Les prix se sont globalement stabilisés après une correction de 5 à 12 % selon les villes. Paris a perdu environ 8 % de son pic de 2022. Lyon, Bordeaux et Nantes ont davantage corrigé (10 à 15 %). Les villes moyennes attractives (Rennes, Annecy, Montpellier) ont mieux résisté grâce à une demande démographique soutenue.

L'impact de la détente des taux

La BCE a amorcé son cycle de baisse des taux en juin 2024 et plusieurs baisses supplémentaires ont suivi. En 2026, les taux des crédits immobiliers en France se situent entre 3,2 et 3,8 % sur 20 ans selon les profils — en net recul par rapport au pic de 4,5 % atteint fin 2023. Cette détente a mécaniquement amélioré la capacité d'emprunt des ménages.

Un ménage avec 3 000 € de revenus nets peut emprunter environ 190 000 € à 3,5 % contre 165 000 € à 4,5 % — soit un gain de capacité de 15 % environ. Ce regain de pouvoir d'achat immobilier est le principal moteur de la reprise des transactions.

Les marchés qui résistent et ceux qui peinent

Les marchés côtiers et de montagne — Côte d'Azur, Bretagne littorale, Alpes — continuent d'afficher une résistance remarquable, portés par une demande de résidences secondaires qui ne faiblit pas. Les villes universitaires dynamiques comme Rennes, Toulouse, Montpellier tirent leur épingle du jeu grâce à leur démographie favorable.

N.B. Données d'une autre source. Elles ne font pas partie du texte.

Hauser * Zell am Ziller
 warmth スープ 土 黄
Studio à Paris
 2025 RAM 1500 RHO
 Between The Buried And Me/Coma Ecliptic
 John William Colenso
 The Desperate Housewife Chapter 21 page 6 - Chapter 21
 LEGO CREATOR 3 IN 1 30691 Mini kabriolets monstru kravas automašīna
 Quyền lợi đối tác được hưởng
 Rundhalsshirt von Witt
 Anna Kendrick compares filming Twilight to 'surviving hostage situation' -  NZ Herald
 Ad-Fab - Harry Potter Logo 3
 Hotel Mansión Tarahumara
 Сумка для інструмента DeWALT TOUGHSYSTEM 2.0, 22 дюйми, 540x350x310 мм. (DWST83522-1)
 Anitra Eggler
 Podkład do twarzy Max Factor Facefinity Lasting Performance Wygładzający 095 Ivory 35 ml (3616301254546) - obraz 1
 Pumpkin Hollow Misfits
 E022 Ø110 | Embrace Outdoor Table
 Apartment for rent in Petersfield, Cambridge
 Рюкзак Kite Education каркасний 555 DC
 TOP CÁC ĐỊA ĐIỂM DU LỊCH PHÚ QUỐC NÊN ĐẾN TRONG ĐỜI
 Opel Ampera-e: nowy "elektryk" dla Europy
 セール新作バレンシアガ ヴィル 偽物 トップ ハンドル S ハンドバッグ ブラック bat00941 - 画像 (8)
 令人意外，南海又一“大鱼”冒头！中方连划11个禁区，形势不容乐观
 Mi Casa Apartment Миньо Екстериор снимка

En revanche, certaines villes moyennes de l'intérieur peinent à trouver preneur — les centres de Limoges, Châlons-en-Champagne ou Roanne subissent une vacance locative croissante et une demande à l'achat anémique. L'écart entre les marchés « gagnants » et les marchés en difficulté structurelle ne fait que se creuser.

Les tendances de fond qui reconfigurent le marché

La réglementation sur les passoires thermiques continue de remodeler le marché. Les biens classés G ne peuvent plus être mis en location depuis 2025, et les F seront interdits à la location à partir de 2028. Cette pression réglementaire crée des opportunités pour les acheteurs prêts à rénover — et pénalise les propriétaires de l'ancien qui ne veulent pas investir dans la mise aux normes.

Le télétravail, même partiellement pérennisé, continue d'entretenir une demande pour les maisons avec extérieur dans un rayon de 1h30 des grandes métropoles. Les villes de la couronne parisienne élargie (Chartres, Dreux, Évreux, Orléans) et les petites villes périurbaines des grandes métropoles régionales bénéficient de cet arbitrage résidentiel durablement installé.

Ce qu'on attend pour la fin 2026

Les indicateurs avancés — intentions d'achat, demandes de simulation de prêt, trafic sur les portails immobiliers — pointent vers une poursuite de la reprise au second semestre 2026. Les volumes devraient dépasser le million de transactions sur l'année, et les prix devraient se stabiliser voire progresser légèrement (+1 à 3 %) dans les marchés les plus tendus.

Notre conviction : 2026 est probablement la dernière année pour acheter avant que les prix ne repartent à la hausse dans les grandes métropoles et les marchés côtiers. Les acheteurs qui hésitent depuis 2022 ont eu raison d'attendre — mais attendre encore 12 à 18 mois risque de leur faire rater la fenêtre.